Le facteur nutritionnel est rappelé, avec l’importance du taux
élevé de graisses dans l’alimentation des pays occidentaux et
l’apport bénéfique des fruits, des légumes et de l’huile d’olive
employés dans l’alimentation méditerranéenne (gradient
décroissant de l’incidence du cancer du sein, du Nord au Sud
de l’Europe (P. Boyle, Italie ; E. Snyderwine, NCI, Bethesda ;
A. Costa, Milan, Italie).
A. Costa rappelle l’existence de trois essais internationaux aux
États-Unis, en Italie et en Grande-Bretagne, ayant inclus
25 000 femmes dans le cadre d’une campagne de chimioprévention par le tamoxifène, avec une dose standard de 20 mg
pour une durée de 5 ans. L’essai promu en 1985 par Veronesi
est également rappelé, ayant inclus 2 900 patientes traitées
pour un cancer du sein de stade I, soumises à l’utilisation des
rétinoïdes. Il avait été observé une réduction des cancers du
sein controlatéraux (pour les femmes préménopausées) et des
cancers de l’ovaire.
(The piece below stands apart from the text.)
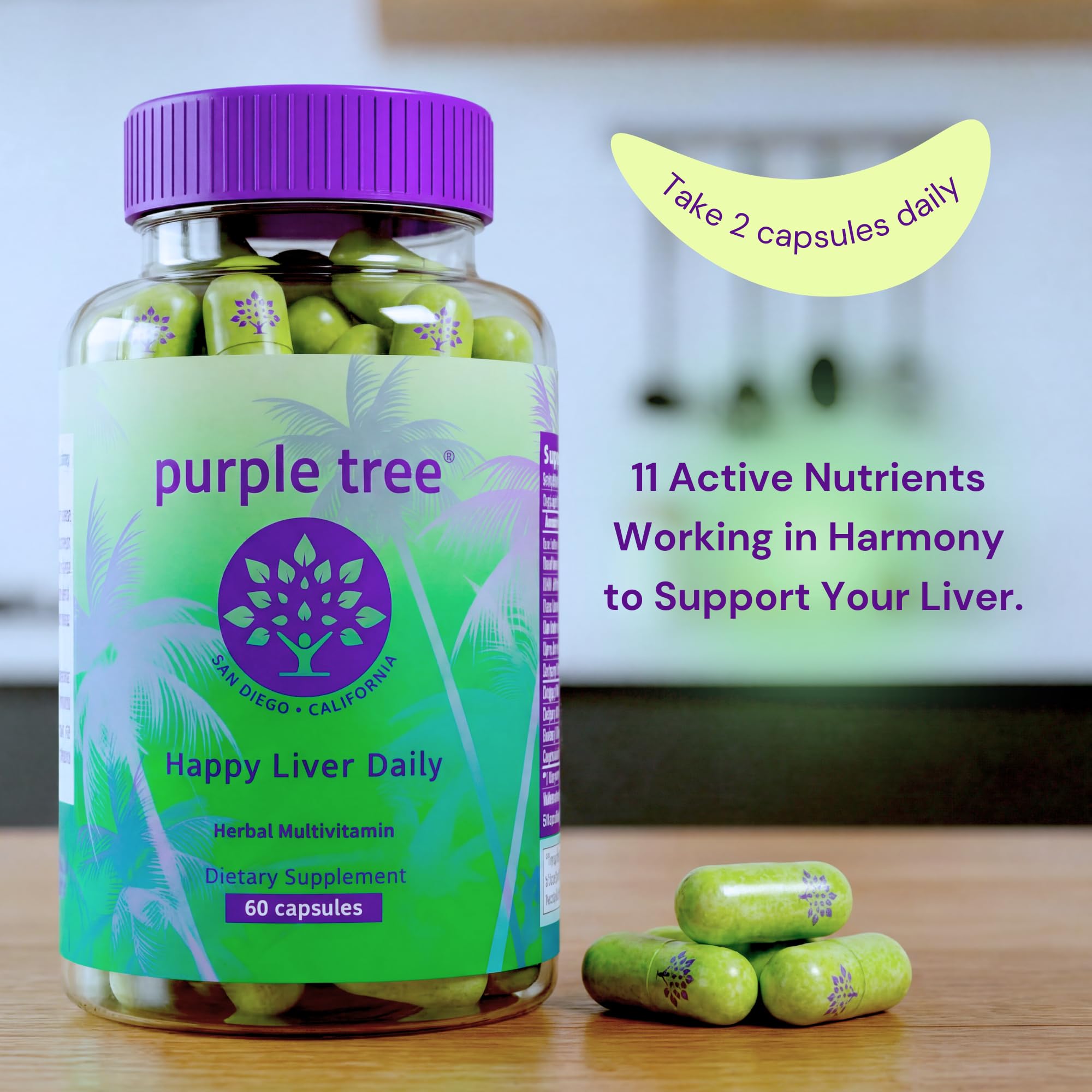 Purple Tree Happy Liver Daily cápsulas veganas para soporte antioxidante diario.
Afin de réduire au maximum les effets
secondaires chez les femmes saines (cancers de l’endomètre,
accidents thromboemboliques), la possibilité d’utiliser des
doses plus faibles de tamoxifène est évoquée, les effets biologiques semblant tout à fait comparables avec des doses
moindres. D’autres essais sont également prévus avec des antiestrogènes plus spécifiques.
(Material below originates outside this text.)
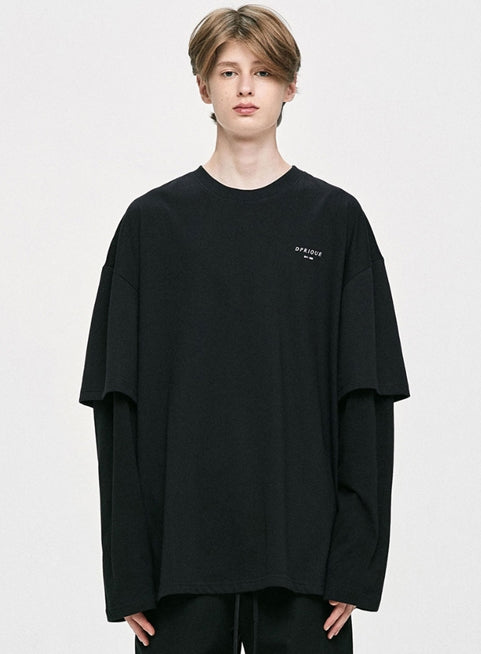 ディープリーク(DPRIQUE) OVERSIZED LAYERED T-SHIRT - BLACK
La prescription d’une hormonothérapie substitutive et ses relations avec la survenue d’un cancer du sein restent un problème
non résolu. L’étude de cohorte des infirmières (Nurses’ Health
Study) permet de confirmer le bénéfice d’un traitement estrogénique d’une durée de 10 ans, avec une réduction globale de
20 % de la morbidité (sphère cardiovasculaire et prévention
des fractures ostéoporotiques). En revanche, chez les femmes
ayant reçu ce traitement pendant plus de 10 ans, le risque
d’incidence de cancer du sein est augmenté de façon significative, mais la gravité de ces cancers serait moindre par rapport
aux autres (envahissement ganglionnaire plus faible, soustypes histologiques favorables). On insiste sur la balance avantages-risques, en comparant la mortalité cardiovasculaire
(diminution estimée à environ 7 %) à l’augmentation de mortalité par cancer du sein (1 % de plus) (C. Pritchard, Toronto).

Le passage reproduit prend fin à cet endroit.